## Records to use
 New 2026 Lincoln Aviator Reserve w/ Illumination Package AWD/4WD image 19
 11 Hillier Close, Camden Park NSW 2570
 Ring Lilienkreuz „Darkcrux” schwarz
...
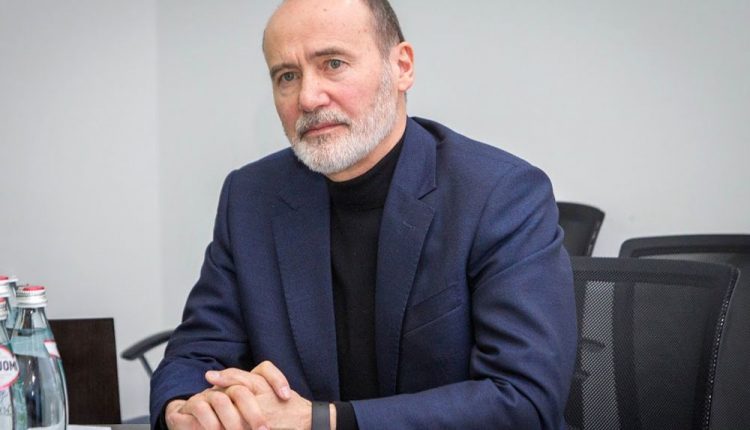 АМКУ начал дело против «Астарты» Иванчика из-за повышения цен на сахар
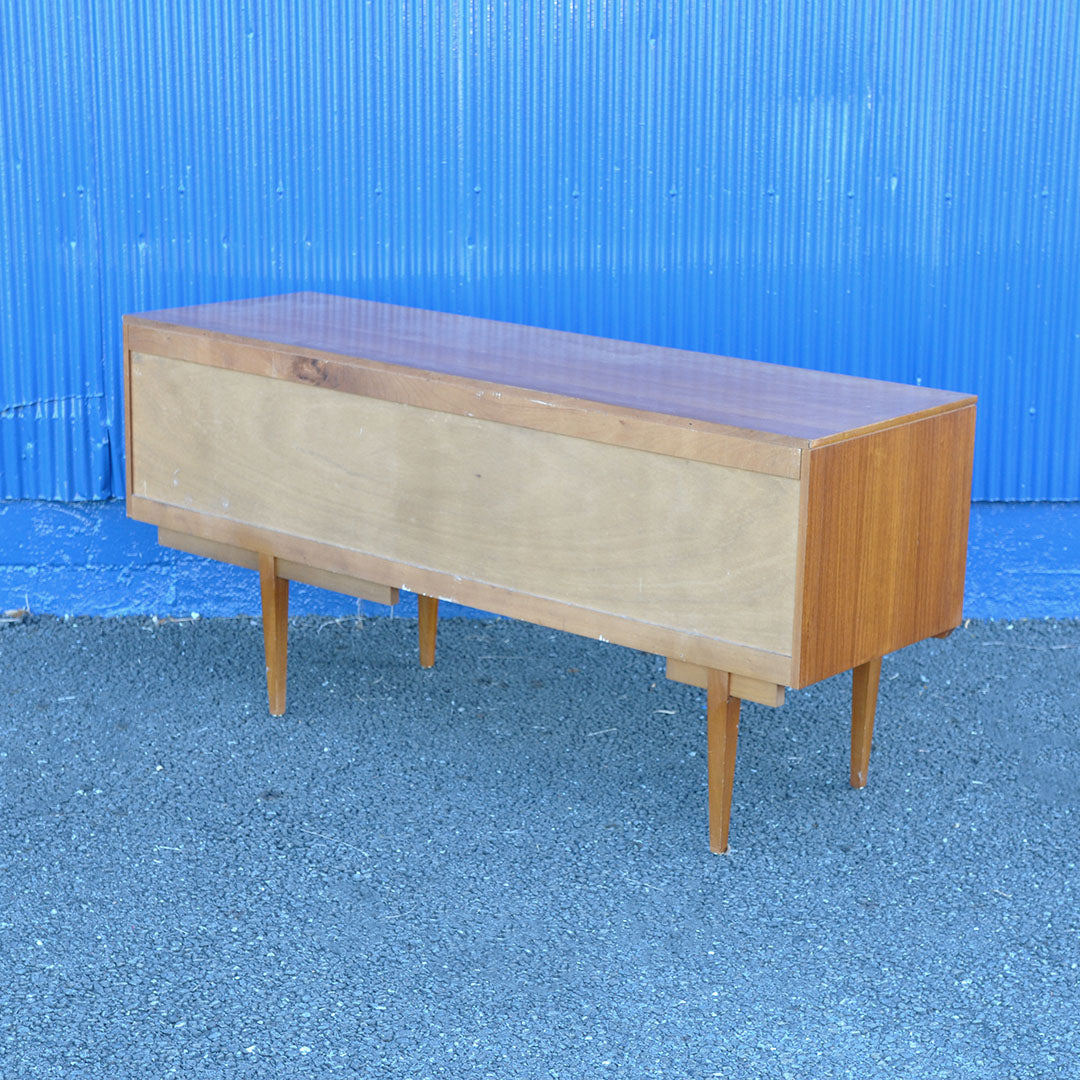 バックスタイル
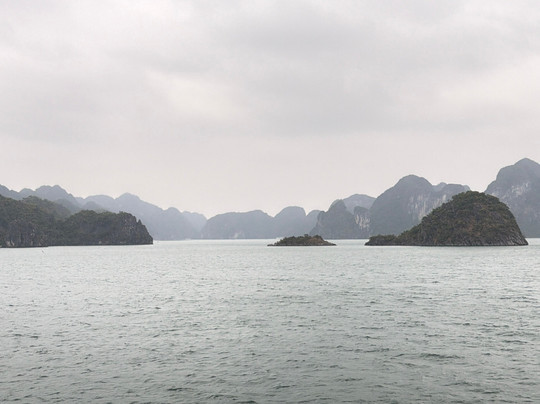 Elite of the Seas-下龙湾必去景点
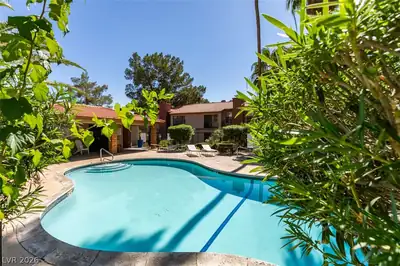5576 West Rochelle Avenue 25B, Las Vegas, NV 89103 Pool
...
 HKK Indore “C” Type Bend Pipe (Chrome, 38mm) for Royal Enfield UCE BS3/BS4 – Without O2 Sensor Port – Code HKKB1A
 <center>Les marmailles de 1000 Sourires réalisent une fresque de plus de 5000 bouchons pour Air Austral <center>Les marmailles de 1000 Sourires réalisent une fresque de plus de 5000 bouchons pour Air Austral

## Directions for this task
All lines above starting at the one with "Elite of the Seas-下龙湾必去景点" and ending at the one with "5576 West Rochelle", inclusive, are to be printed again exactly, with the pictures left out.

## The completed task
 Elite of the Seas-下龙湾必去景点
5576 West Rochelle Avenue 25B, Las Vegas, NV 89103 Pool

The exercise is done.